Tired Of Tomorrow

Nothing

Relapse Records – 2016
par Quentin, le 23 juin 2016
8

Tired Of Tomorrow, voilà le titre évocateur d'un verre à moitié vide. Porté par l'énergie du désespoir, ce deuxième album de Nothing touche au sentiment paradoxal mais réconfortant de n'avoir plus rien à espérer. Domenic Palermo et sa bande vantent les mérites d'un quotidien désenchanté qu'ils ne connaissent que trop bien. Des cellules de prison à la perte de parents proches, en passant par une agression quasi mortelle, le parcours du groupe n'est définitivement pas une sinécure. Toute cette frustration se retrouve sur Tired Of Tomorrow, un disque qui flaire bon le shoegaze et les 90's.

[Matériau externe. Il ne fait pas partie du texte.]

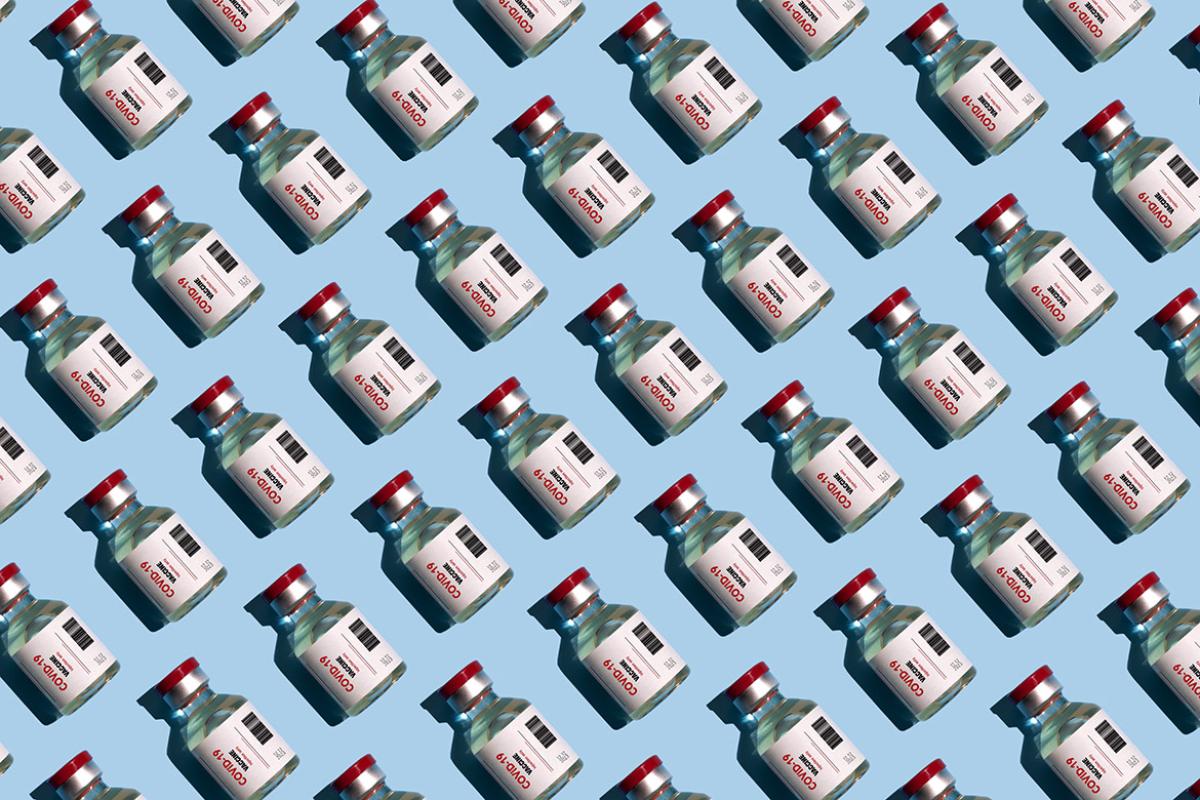 Multiple rows of vials of COVID-19 vaccine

Pour ceux qui connaissent bien le groupe, ce petit dernier des pensionnaires de chez Relapse Records se révèle aussi beau et sombre que son prédécesseur Guilty Of Everything, sorti en 2014. On y retrouve cette détresse, ce son puissant et tous ces ingrédients qui, dans les années 90, ont fait le succès de My Bloody ValentineSlowdive ou Lush - les guitares lourdes, le marécage de disto, le brouillard de reverb et toussa. Tous ces codes, les gars de Nothing les ont parfaitement assimilés. Ils perpétuent fièrement la tradition, non sans y ajouter un peu de nouveauté. Dans cette actualisation des formules, les gars de Philadelphie construisent un univers à la fois sombre et fragile. Sur papier, on pourrait imaginer le groupe signer sur n'importe quel label indé un peu cool, pourtant à l'écoute des textures sonores développées, on comprend mieux leur filiation avec Relapse, label plutôt habitué à donner dans les trucs qui buttent aveuglément des gerboises.

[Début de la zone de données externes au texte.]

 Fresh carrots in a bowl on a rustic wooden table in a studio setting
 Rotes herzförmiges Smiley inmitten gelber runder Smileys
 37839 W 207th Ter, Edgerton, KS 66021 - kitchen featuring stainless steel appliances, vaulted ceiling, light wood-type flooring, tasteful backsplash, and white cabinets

Vous l'aurez compris au bout de ces quelques lignes, Nothing n'avait pas vraiment le cœur à la gaudriole au moment de composer cet album. De toute façon, à l'écoute du disque, on aurait bien du mal à vous faire croire le contraire. Reste que le groupe a eu suffisamment d'intelligence et de talent pour s'en aller puiser de l'énergie dans les pires moments, pour produire un disque que cette fameuse énergie du désespoir évoquée plus haut propulse vers les sommets d'un genre très codifié certes, mais avec lequel on peut encore s'amuser. Et si le titre de l'album suggère que rien n'ira plus, la (dé)charge émotionnelle que constitue Tired Of Tomorrow nous laisse espérer le contraire.